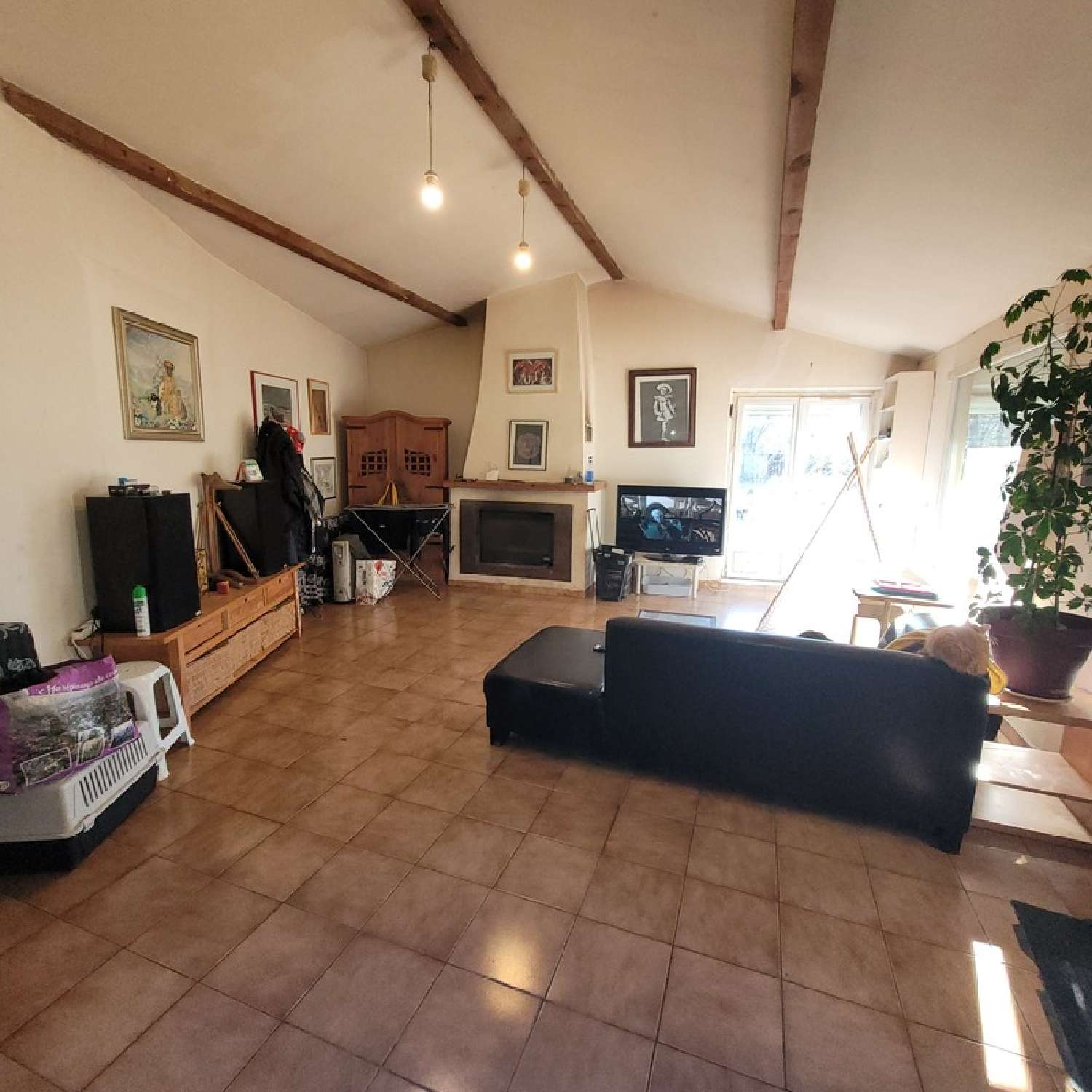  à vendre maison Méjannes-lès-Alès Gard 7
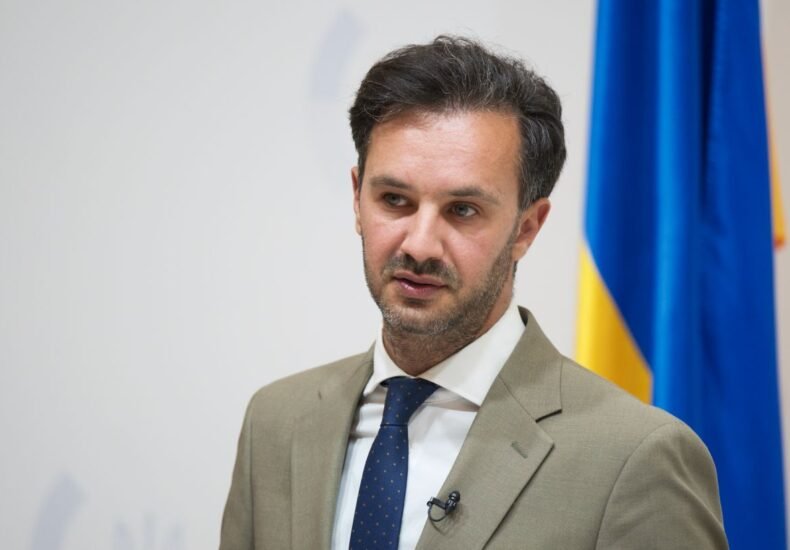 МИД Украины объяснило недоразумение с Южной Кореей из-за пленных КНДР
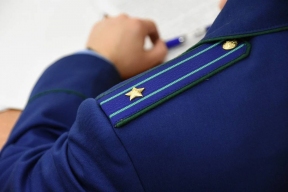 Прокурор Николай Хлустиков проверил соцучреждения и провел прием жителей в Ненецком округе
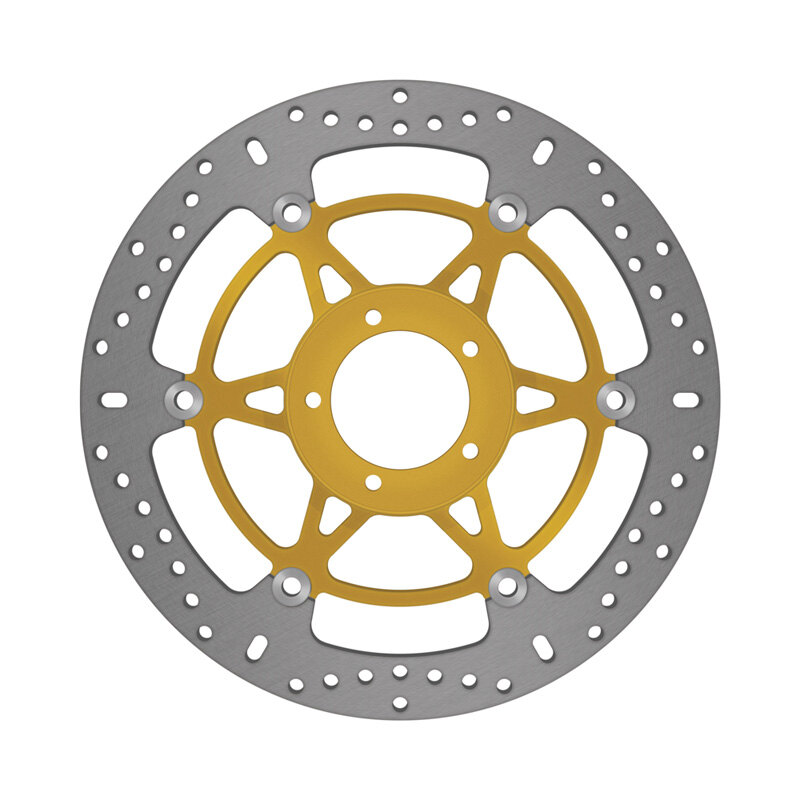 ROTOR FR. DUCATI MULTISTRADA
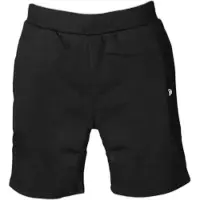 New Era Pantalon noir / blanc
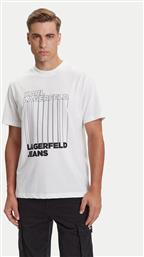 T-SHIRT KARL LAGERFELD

************

Prompt: Restate the material above word for word, so that nothing changes except that the pictures are gone.

Worked solution:
  à vendre maison Méjannes-lès-Alès Gard 7
 МИД Украины объяснило недоразумение с Южной Кореей из-за пленных КНДР
 Прокурор Николай Хлустиков проверил соцучреждения и провел прием жителей в Ненецком округе
 ROTOR FR. DUCATI MULTISTRADA
 New Era Pantalon noir / blanc
 T-SHIRT KARL LAGERFELD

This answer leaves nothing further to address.